Return only the lines below starting at the line containing "Welcome back. In" and ending at the line containing "Currently remote desktop", both included, exactly as they are and with no pictures.

-- MATERIAL FOR THIS TASK follows --

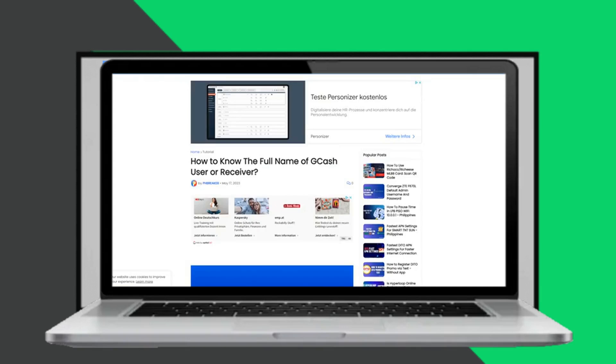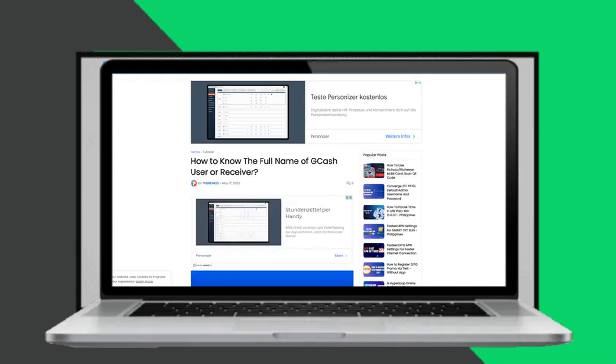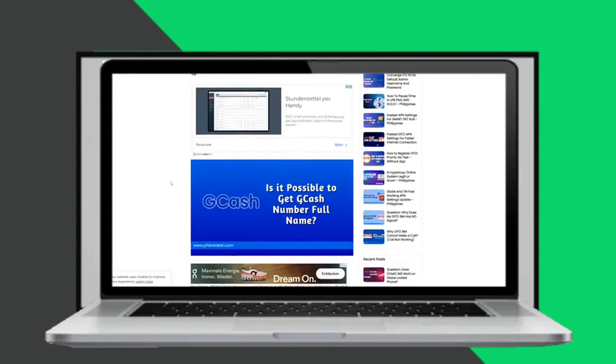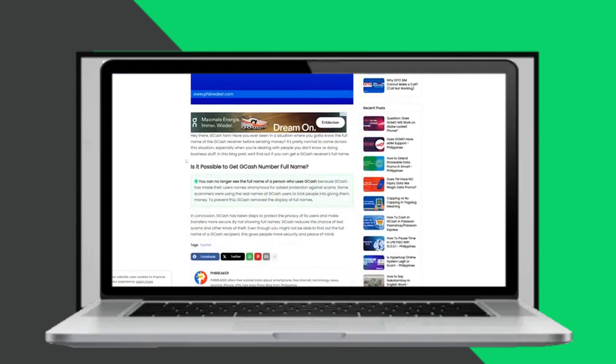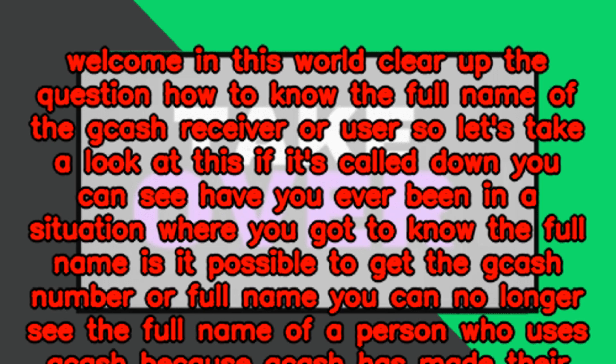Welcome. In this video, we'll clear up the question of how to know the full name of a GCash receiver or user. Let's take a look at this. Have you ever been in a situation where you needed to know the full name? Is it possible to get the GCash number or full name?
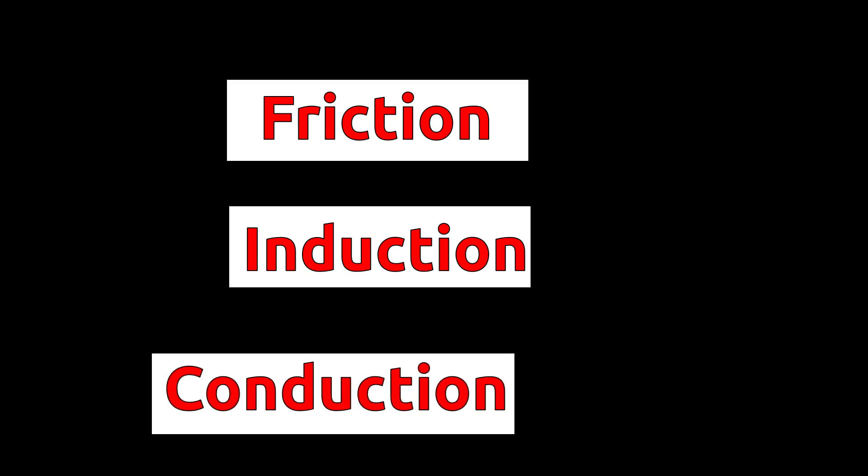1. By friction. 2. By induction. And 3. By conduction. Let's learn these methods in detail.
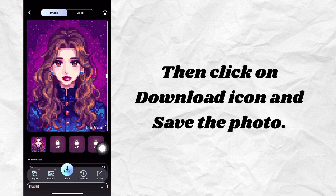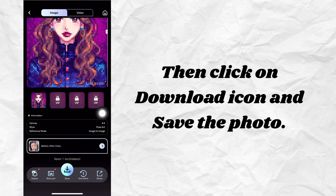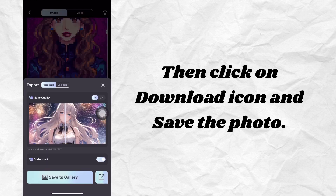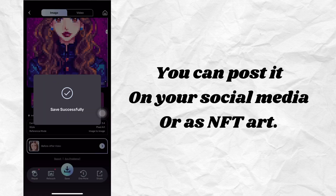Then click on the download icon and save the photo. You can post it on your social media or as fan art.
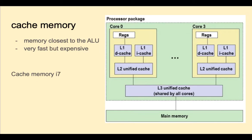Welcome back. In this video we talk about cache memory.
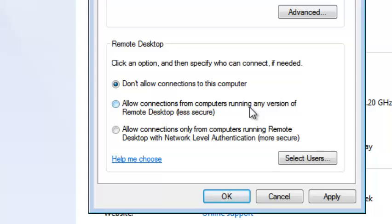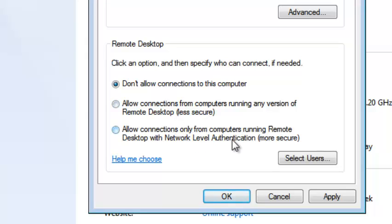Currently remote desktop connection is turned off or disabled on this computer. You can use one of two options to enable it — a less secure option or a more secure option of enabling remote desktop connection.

-- MATERIAL FOR THIS TASK concluded --
-- MATERIAL FOR THIS TASK follows --

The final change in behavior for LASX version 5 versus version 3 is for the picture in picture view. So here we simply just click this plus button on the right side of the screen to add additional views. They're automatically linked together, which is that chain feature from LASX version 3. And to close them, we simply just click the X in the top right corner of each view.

-- MATERIAL FOR THIS TASK concluded --

▶ **TASK RESULT**
Welcome back. In this video we talk about cache memory.
Currently remote desktop connection is turned off or disabled on this computer. You can use one of two options to enable it — a less secure option or a more secure option of enabling remote desktop connection.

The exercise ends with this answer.